What to Expect of Big Data in 2015

Big data is going to be a space to watch this year. Here’s what to expect.

1. The Democratization of Big Data Analytics.

Over the past year, there has been incredible growth in the use of cloud-based data analytics services, and the cost-effective nature of the cloud will only accelerate this trend. Even organizations that once thought advanced data analytics were out of their realm of possibility can now begin managing and analyzing both structured as well as unstructured data, quickly and cost-effectively.

Essentially, the cloud will offer a greater array of choices for organizations to hit their desired Big Data benefit/price point trade-off, as well as lower the bar for companies looking to experiment with Big Data, particularly unstructured data.

2. Unstructured Data Grows.

Unstructured data volumes – comprised of things like human information, machine sensor data and Internet of Things (IoT) data – will continue to grow at a mind-boggling rate. According to Gartner, IoT data, excluding PCs, tablets and smartphones, will grow to 26 billion connected devices by 2020.

Organizations will increasingly seek solutions that can tie structured and unstructured data sources together virtually, giving greater context to the structured data that most organizations have come to rely on.

3. Predictive Analytics Becomes the Norm.

Predictive analytics will evolve beyond the next “cool thing,” to a “you better have it or else” type of functionality. Reengineering for Big Data will be critical as business processes must be geared toward action at the speed of insight. There’s no value in identifying what customers are doing every minute of the day if you can’t respond predictively and proactively. By the time you’ve ETL’d (extract, transform and load) the data in some warehouse or Hadoop cluster, it’s too late.

Organizations will re-engineer their Big Data environments to enable information streams, from both within and beyond the enterprise, to be accessed, analyzed and shared in real time. This will be the key to increasing revenue, improving knowledge worker productivity, and lowering costs.
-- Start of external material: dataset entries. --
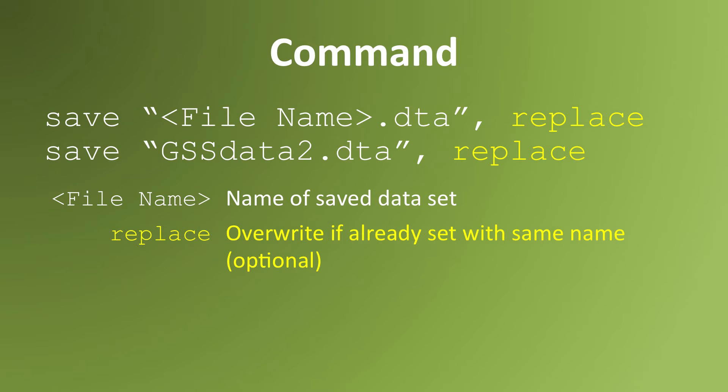For example, if I want to save the data in my memory under the name gssdata2, I'd type save space open quotation marks gssdata2.dta close quotation marks comma space replace.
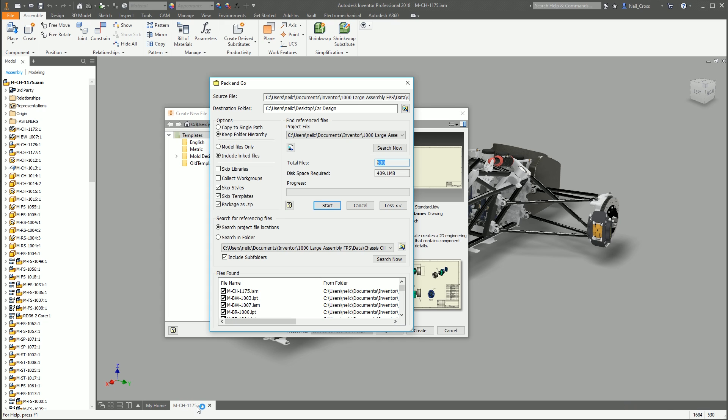If you've got more than one thing open, then that number there won't match that number there. But that's just a good visual verification. Disk space required. This number here is very useful to see this actually. So pat on the back to Autodesk for including this. This is just a heads up to you for how big the package is going to be.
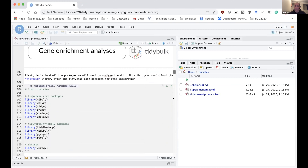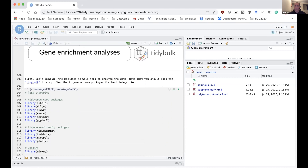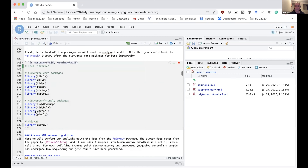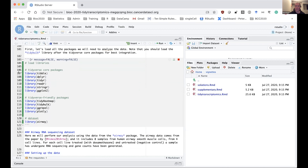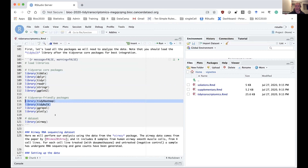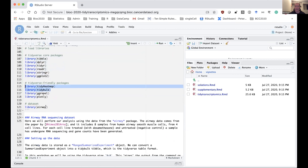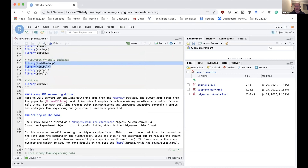For this demo, I'm going to be running the chunks of code and then explaining what's happening. First, I'm going to load in the packages we're going to use today. These are tidyverse core packages, and then the two packages — tidybulk and tidyHeatmap — created by Stefano, plus some other small packages we'll use.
4. Big Data Will Change IT Operations.

Companies who “get” Big Data are going to apply Big Data principles and practices to their internal IT operations first and foremost, long before they’re used for marketing and customers. For years, we’ve heard that “IT is the business.” Increasingly, Big Data will become the basis of competition and growth for individual firms, and the most logical place to exploit Big Data benefits will be an analysis of IT machine data itself – identifying ways to reduce waste and maximize productivity across the IT environment.
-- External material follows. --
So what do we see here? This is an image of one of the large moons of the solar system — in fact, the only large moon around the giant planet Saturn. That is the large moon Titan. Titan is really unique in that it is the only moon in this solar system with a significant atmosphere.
Big Data analytics will also play a role in identifying IT security threats, which are constantly growing and evolving.

5. Big Data for Everyone.

Today’s universities can’t seem to train data scientists fast enough for CIOs. Many in the industry view data scientists – those individuals with engineering and business skills, as well as the statistical savviness – as the key to analyzing and deriving value from the Big Data companies generate. But the current lack of so-called “Big Data talent” should not hold businesses up in terms of launching big data initiatives. Rather, the key will be empowering business analysts of today with tools they already know. In fact, the idea of a “Data Scientist” may very well be played out in a couple of years, and the “Data Savvy Business Person” will likely emerge as the new rock star.
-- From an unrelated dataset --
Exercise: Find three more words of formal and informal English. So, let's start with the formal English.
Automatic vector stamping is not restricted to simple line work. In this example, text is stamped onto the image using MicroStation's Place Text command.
However, it’s important to note that, if a company assigns big data to its existing big BI teams, they’re almost guaranteed to fail. The tech, thinking and approaches that lead to success at BI almost guarantee failure at a Big Data. It takes a whole new approach.

In addition, the availability of data analytics in the cloud presents a huge opportunity for developers, and we expect the big data developer community to increasingly emerge as a hotbed of innovation. Cloud-based Big Data services represent decades of significant intellectual property around managing, accessing, and analyzing a wide range of data, including unstructured information that developers can now use like they have used Amazon Web Services or open source systems.

Developers have just begun to exploit the value of Big Data, especially unstructured data, and this trend will only accelerate in the next few years.